El albiceleste, de fiesta

Terminó el torneo local de primera división y en esta oportunidad el festejo fue todo del Club Argentino, que volvió a celebrar el título más importante del fútbol de estos pagos.

La definición de la competencia superior fue muy interesante, más allá de la opinión que cada uno hará sobre la calidad del juego, porque fue necesario un tercer partido entre los albicelestes y El Huracán para encontrar un vencedor, que llegó recién en los penales, esa definición que a pocos les gusta pero que, por reglamento, es la única viable para ponerle un desenlace a una contienda deportiva.

Había ganado el aurinegro en la ida, parecía que se llevaba el Clausura en la vuelta porque se imponía y su rival jugaba con uno menos pero Argentino lo dio vuelta y forzó un partido más, donde tampoco se pudieron sacar ventaja al cabo de los noventa minutos. Y como ocurrió el año pasado, y en tantas ocasiones en los últimos años, en los penales se decidió el campeonato.

Es obvio que todos las celebraciones son importantes y que la emoción es igualmente intensa para cualquier equipo que alce el trofeo principal, pero este de Argentino quizás haya tenido algún ribete especial porque para su gente seguramente no se trató de una vuelta olímpica más.

El club es, por lejos, el más ganador en la historia de los certámenes de nuestra Liga pero lejos han quedado esas impresionantes seguidillas de títulos que la entidad consiguiera hace ya bastante tiempo.
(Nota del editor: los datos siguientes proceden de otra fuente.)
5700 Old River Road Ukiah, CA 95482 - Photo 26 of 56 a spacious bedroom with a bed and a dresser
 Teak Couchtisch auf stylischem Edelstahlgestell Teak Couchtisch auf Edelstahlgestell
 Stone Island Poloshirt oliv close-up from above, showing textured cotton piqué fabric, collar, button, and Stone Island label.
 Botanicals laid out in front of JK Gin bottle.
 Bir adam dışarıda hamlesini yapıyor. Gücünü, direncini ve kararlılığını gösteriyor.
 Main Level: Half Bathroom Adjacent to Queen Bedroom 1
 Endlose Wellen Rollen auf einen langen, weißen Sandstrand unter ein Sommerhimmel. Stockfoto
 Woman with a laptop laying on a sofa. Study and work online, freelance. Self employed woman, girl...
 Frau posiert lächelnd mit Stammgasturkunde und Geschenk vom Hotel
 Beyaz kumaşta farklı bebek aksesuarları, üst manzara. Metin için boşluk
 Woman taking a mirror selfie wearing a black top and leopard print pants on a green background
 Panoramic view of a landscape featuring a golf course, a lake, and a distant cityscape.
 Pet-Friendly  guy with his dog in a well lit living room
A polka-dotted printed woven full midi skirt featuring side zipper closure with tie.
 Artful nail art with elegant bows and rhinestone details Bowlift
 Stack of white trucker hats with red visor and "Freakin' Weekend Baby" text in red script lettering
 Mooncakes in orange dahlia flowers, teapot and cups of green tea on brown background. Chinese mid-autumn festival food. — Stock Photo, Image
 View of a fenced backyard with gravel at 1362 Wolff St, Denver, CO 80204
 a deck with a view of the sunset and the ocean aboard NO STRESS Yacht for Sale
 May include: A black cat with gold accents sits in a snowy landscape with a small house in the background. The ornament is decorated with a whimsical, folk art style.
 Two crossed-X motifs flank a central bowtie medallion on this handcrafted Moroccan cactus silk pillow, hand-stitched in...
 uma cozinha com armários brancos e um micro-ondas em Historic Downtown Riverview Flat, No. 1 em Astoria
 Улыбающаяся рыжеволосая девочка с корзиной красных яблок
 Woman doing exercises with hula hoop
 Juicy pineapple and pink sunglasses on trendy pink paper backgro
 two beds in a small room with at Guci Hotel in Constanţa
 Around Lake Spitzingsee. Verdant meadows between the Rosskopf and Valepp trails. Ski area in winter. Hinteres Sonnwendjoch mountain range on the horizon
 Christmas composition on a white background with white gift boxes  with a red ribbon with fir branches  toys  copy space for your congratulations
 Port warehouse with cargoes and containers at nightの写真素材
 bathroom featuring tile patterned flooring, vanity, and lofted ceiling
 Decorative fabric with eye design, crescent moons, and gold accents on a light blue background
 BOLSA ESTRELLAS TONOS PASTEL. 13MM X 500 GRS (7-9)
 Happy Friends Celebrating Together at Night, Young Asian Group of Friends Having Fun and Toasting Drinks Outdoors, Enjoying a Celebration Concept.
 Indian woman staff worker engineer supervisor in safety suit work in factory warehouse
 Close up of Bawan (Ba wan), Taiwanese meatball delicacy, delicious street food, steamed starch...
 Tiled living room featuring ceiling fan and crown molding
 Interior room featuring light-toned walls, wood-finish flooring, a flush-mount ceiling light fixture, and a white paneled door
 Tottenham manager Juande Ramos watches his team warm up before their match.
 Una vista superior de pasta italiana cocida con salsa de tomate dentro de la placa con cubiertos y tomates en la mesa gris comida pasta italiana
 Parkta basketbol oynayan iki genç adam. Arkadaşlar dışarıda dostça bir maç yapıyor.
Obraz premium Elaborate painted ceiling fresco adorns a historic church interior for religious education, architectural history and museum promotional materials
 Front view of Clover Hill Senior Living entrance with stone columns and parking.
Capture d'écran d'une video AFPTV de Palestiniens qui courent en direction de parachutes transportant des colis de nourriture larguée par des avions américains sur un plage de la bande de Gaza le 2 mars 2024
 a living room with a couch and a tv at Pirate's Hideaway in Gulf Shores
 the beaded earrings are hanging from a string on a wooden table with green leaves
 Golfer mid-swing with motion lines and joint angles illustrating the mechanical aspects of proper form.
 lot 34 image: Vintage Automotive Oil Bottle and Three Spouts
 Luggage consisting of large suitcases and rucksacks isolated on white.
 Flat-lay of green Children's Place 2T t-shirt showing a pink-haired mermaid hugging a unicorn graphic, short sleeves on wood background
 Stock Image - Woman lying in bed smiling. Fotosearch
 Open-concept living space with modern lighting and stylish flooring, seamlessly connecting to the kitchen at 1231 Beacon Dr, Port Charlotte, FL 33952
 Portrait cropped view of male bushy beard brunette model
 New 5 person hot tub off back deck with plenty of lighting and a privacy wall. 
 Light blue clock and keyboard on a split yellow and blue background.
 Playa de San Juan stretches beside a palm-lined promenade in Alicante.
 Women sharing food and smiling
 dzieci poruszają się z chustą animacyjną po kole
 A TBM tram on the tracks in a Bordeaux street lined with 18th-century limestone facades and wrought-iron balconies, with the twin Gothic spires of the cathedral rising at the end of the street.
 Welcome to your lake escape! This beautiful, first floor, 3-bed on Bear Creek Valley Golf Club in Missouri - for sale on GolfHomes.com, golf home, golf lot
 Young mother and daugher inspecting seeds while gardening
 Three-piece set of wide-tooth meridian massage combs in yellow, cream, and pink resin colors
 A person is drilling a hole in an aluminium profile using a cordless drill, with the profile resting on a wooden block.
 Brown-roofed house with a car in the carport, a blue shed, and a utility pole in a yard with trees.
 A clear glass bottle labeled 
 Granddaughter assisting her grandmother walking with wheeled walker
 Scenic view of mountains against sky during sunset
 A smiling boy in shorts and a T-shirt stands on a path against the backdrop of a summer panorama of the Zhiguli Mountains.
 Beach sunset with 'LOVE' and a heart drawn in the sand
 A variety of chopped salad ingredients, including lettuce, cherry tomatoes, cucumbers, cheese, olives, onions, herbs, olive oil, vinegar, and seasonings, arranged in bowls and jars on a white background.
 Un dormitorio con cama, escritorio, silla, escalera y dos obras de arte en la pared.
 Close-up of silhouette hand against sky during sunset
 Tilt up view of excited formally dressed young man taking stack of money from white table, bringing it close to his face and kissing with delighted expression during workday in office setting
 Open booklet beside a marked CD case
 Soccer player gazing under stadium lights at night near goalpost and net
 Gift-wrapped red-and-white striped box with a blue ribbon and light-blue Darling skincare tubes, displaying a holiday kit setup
Esta es una época donde el club de Barrio Belgrano ha mandado pero los logros se vienen repartiendo más ya que todos los clubes han conseguido un campeonato en los últimos años: Boca en 2005, Carabelas en 2006 y 2014, Juventud en 2008, Newbery en 2010 y El Huracán en 2007, 2009, 2011, 2012 y 2013. En la lista obviamente no si incluye al Deportivo Unión, que fue campeón en 1995, dejó de competir y volvió este año con alto protagonismo porque llegó a la final del Apertura y a la semi del Clausura.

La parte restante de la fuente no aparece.